=== TASK PROMPT ===
Without the pictures, set down every line of the data exactly.
────────────────
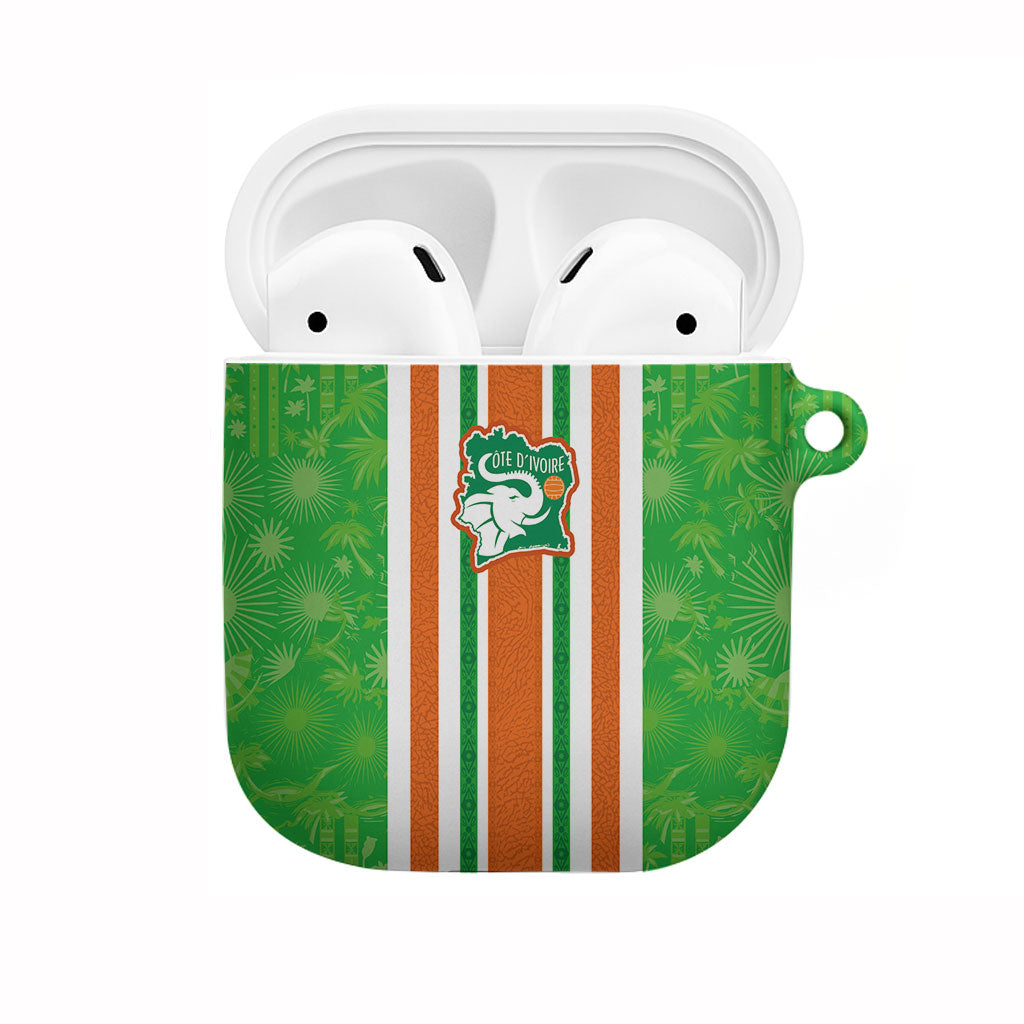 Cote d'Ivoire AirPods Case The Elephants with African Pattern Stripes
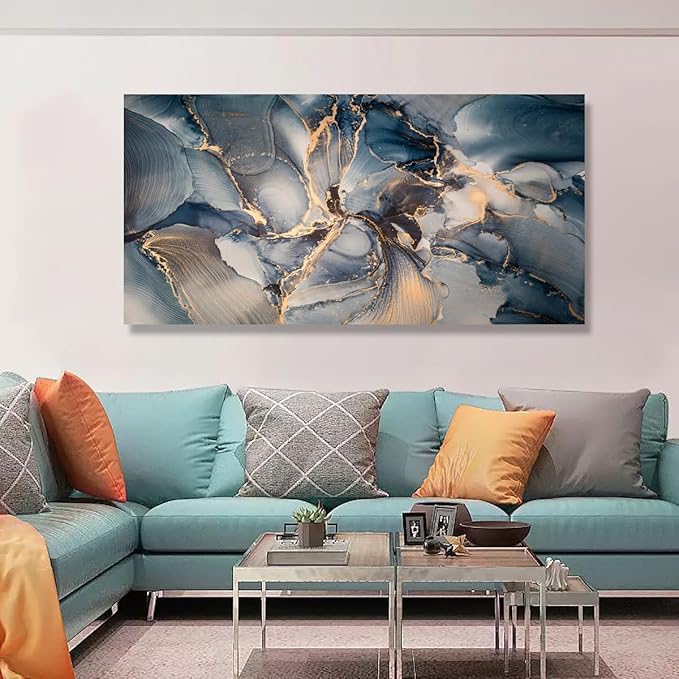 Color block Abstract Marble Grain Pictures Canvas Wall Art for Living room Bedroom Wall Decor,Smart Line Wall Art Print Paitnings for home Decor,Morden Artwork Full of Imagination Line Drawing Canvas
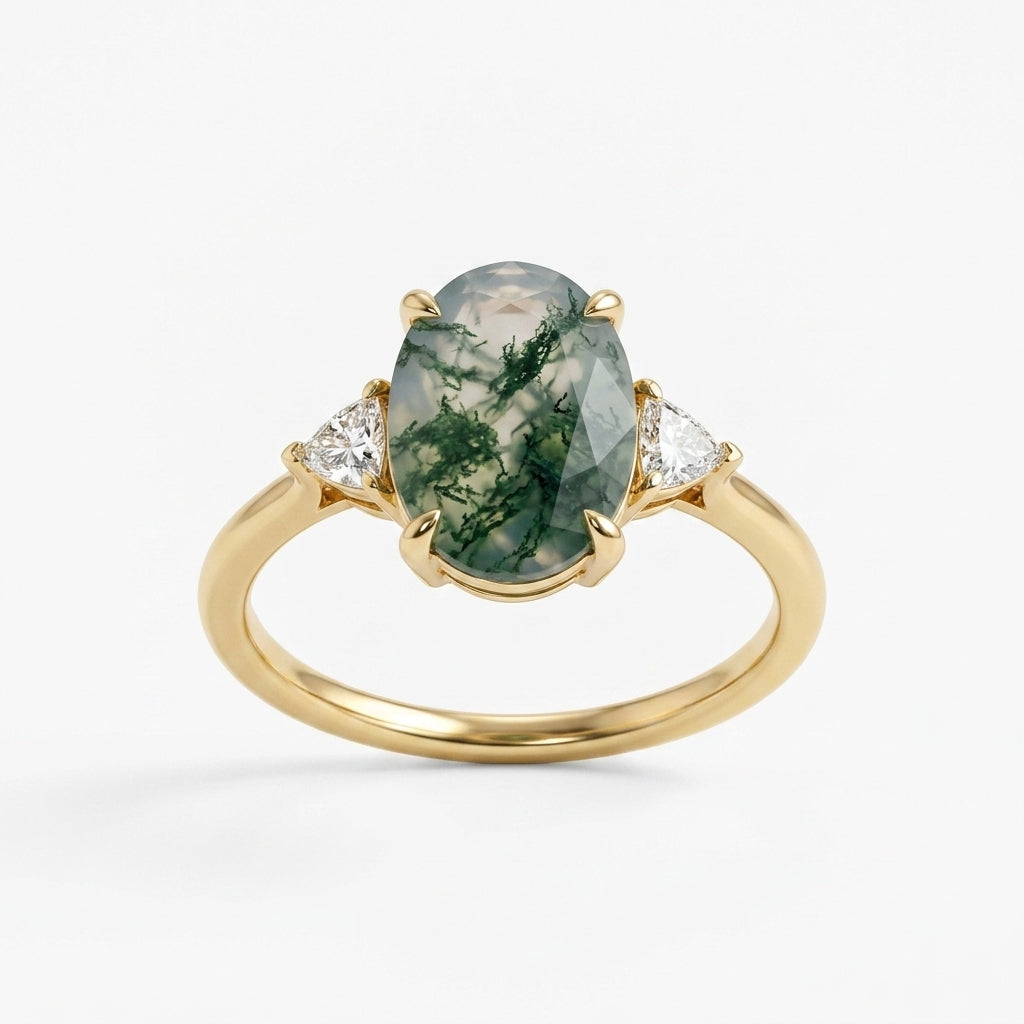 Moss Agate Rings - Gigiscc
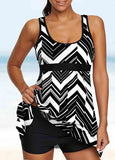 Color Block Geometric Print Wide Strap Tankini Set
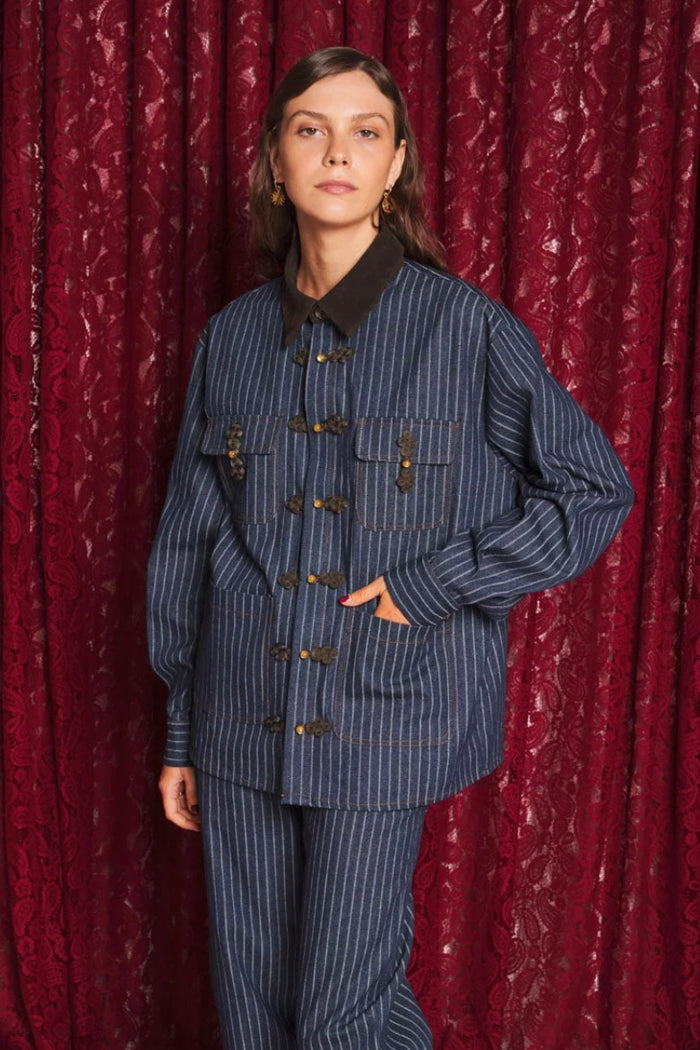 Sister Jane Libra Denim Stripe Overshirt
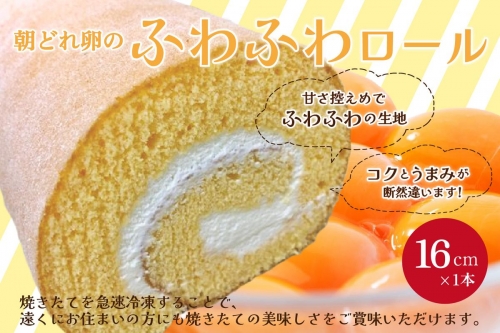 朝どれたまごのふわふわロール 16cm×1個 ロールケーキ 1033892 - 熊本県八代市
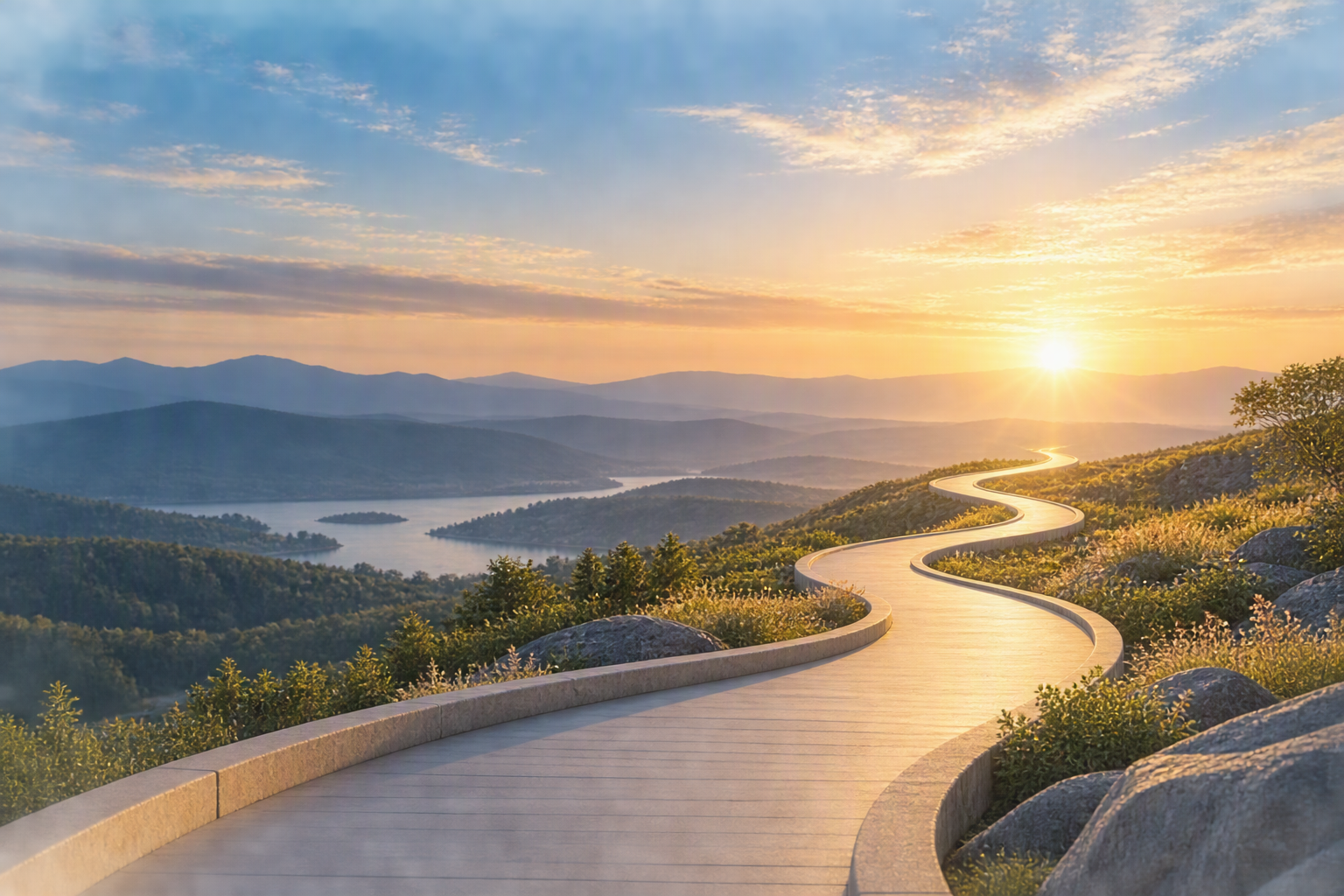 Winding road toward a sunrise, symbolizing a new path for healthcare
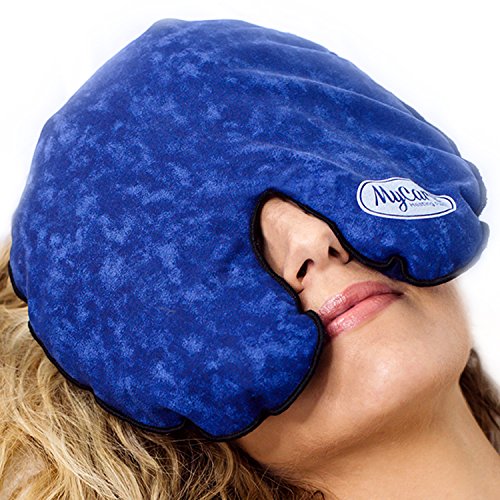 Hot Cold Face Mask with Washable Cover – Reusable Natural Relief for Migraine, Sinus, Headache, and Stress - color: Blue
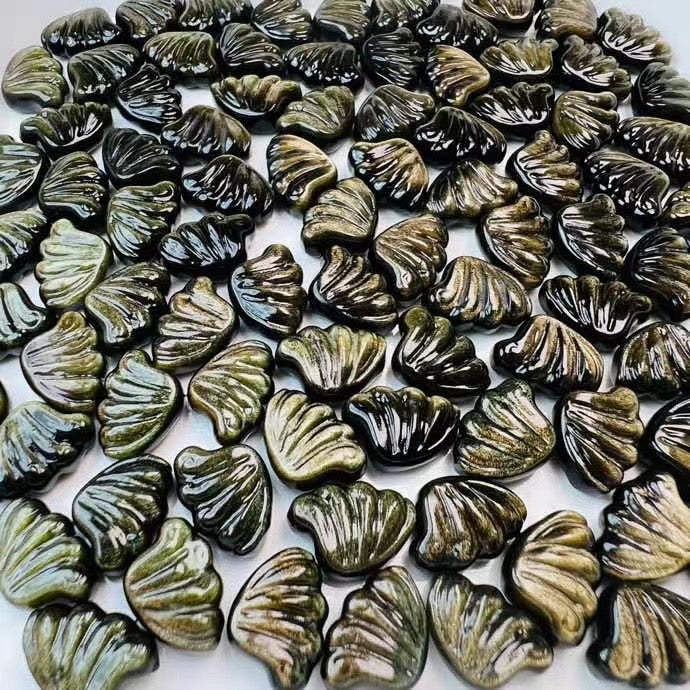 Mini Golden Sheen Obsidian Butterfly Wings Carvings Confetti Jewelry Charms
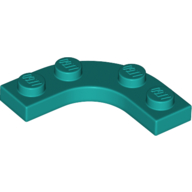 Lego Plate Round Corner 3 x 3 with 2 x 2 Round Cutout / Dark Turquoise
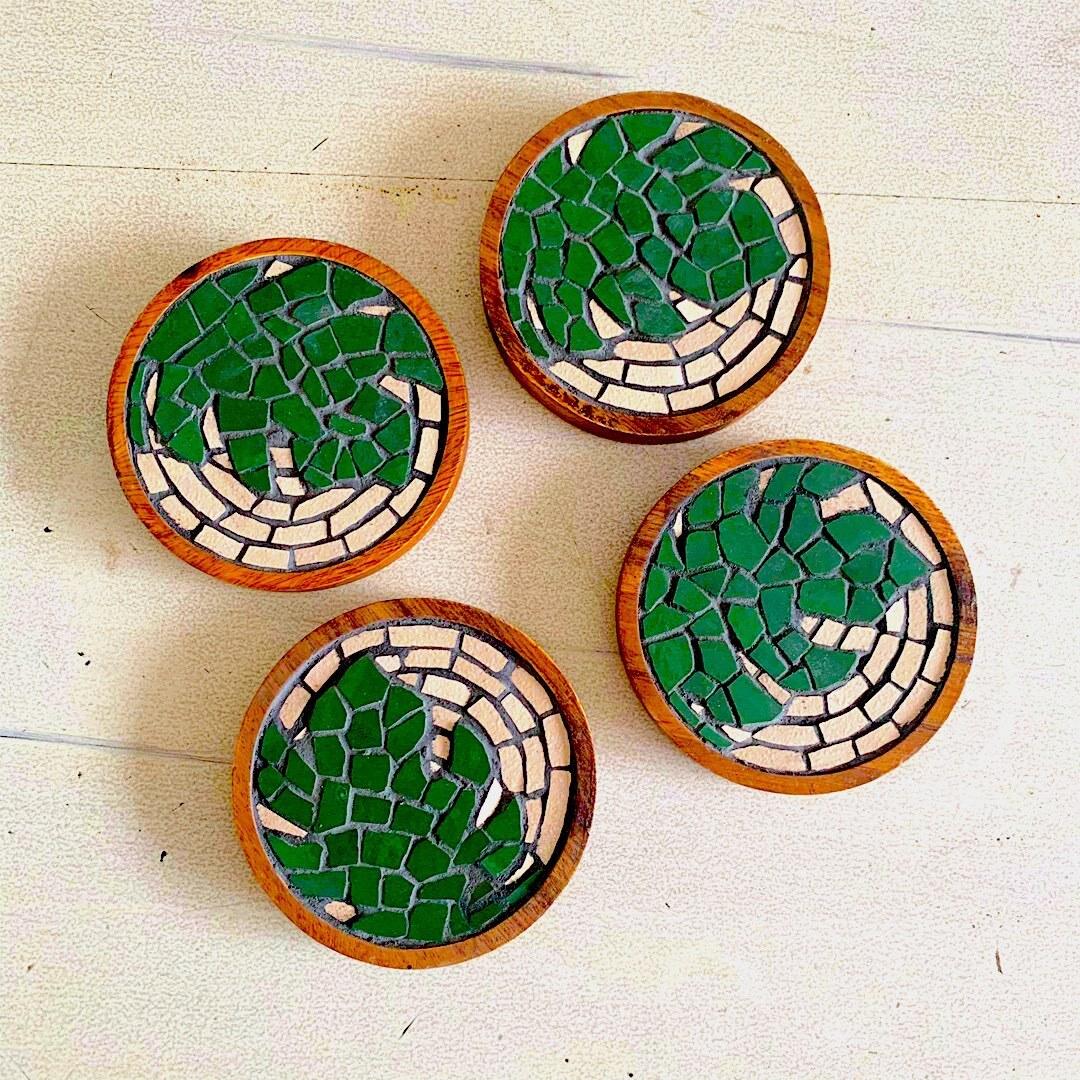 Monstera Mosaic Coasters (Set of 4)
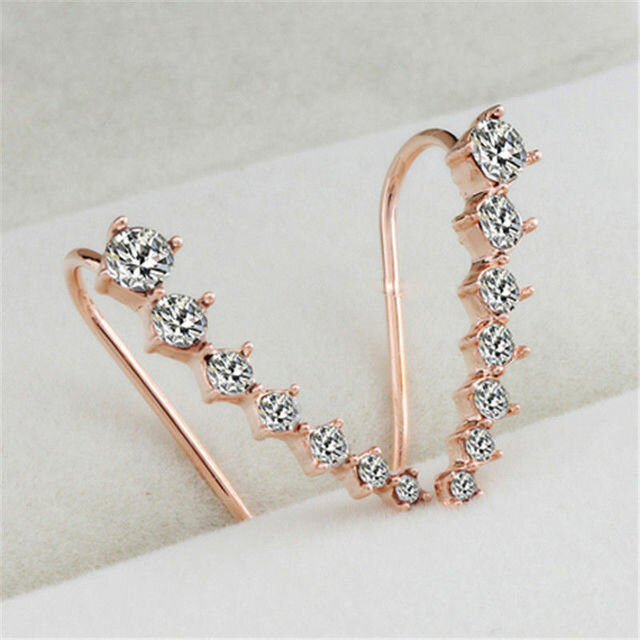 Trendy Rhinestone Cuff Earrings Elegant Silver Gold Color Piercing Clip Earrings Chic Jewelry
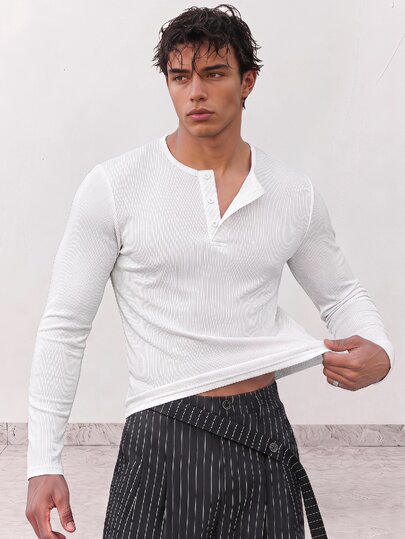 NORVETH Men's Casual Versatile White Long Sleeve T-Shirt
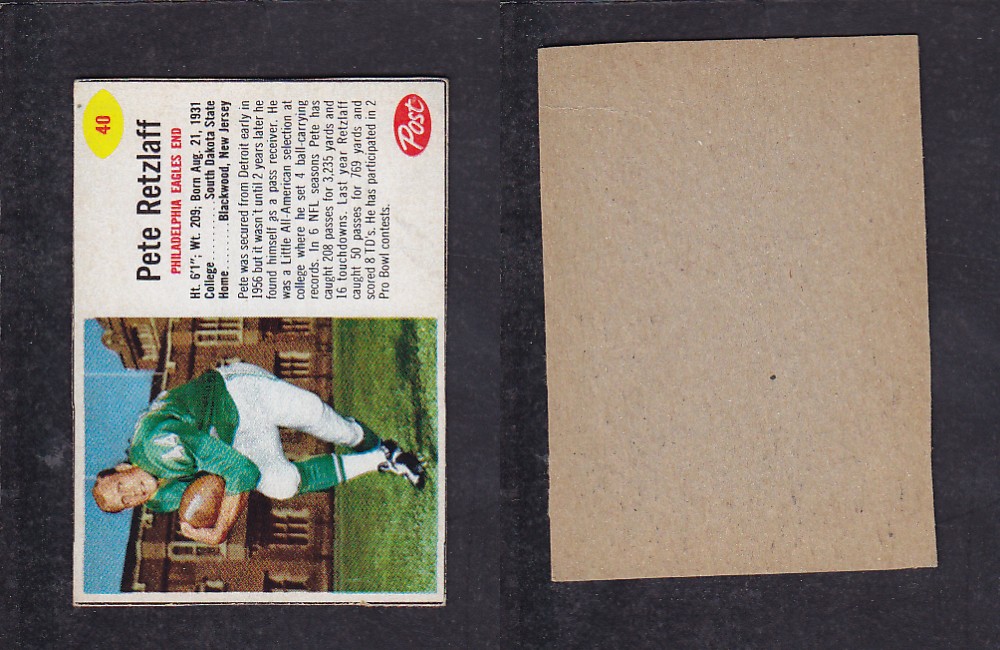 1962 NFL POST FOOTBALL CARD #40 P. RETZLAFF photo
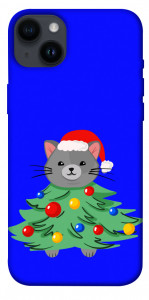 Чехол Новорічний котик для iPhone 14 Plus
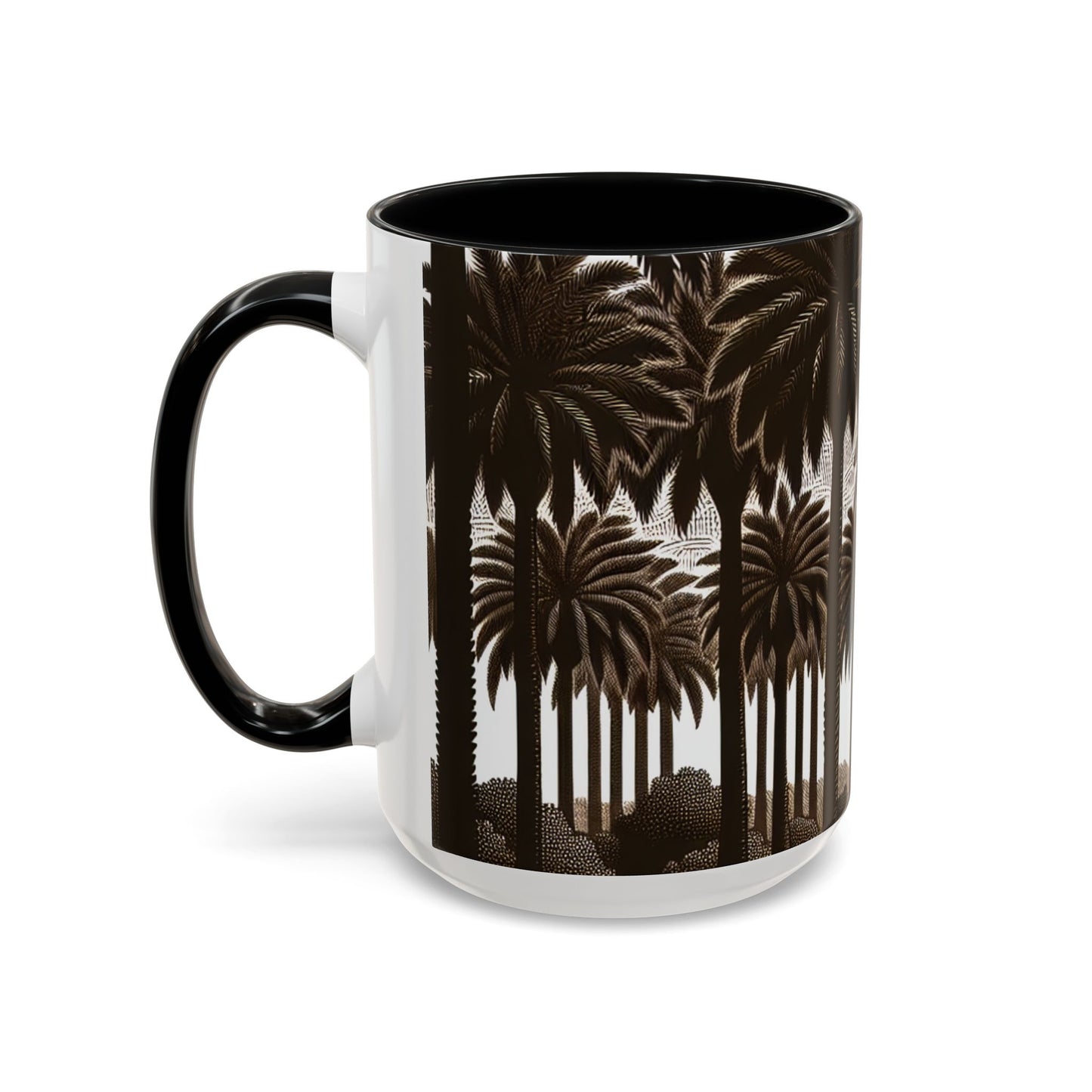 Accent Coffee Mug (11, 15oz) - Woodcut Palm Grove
────────────────
=== RESPONSE TO THE TASK ===
 Cote d'Ivoire AirPods Case The Elephants with African Pattern Stripes
 Color block Abstract Marble Grain Pictures Canvas Wall Art for Living room Bedroom Wall Decor,Smart Line Wall Art Print Paitnings for home Decor,Morden Artwork Full of Imagination Line Drawing Canvas
 Moss Agate Rings - Gigiscc
 Color Block Geometric Print Wide Strap Tankini Set
 Sister Jane Libra Denim Stripe Overshirt
 朝どれたまごのふわふわロール 16cm×1個 ロールケーキ 1033892 - 熊本県八代市
 Winding road toward a sunrise, symbolizing a new path for healthcare
 Hot Cold Face Mask with Washable Cover – Reusable Natural Relief for Migraine, Sinus, Headache, and Stress - color: Blue
 Mini Golden Sheen Obsidian Butterfly Wings Carvings Confetti Jewelry Charms
 Lego Plate Round Corner 3 x 3 with 2 x 2 Round Cutout / Dark Turquoise
 Monstera Mosaic Coasters (Set of 4)
 Trendy Rhinestone Cuff Earrings Elegant Silver Gold Color Piercing Clip Earrings Chic Jewelry
 NORVETH Men's Casual Versatile White Long Sleeve T-Shirt
 1962 NFL POST FOOTBALL CARD #40 P. RETZLAFF photo
 Чехол Новорічний котик для iPhone 14 Plus
 Accent Coffee Mug (11, 15oz) - Woodcut Palm Grove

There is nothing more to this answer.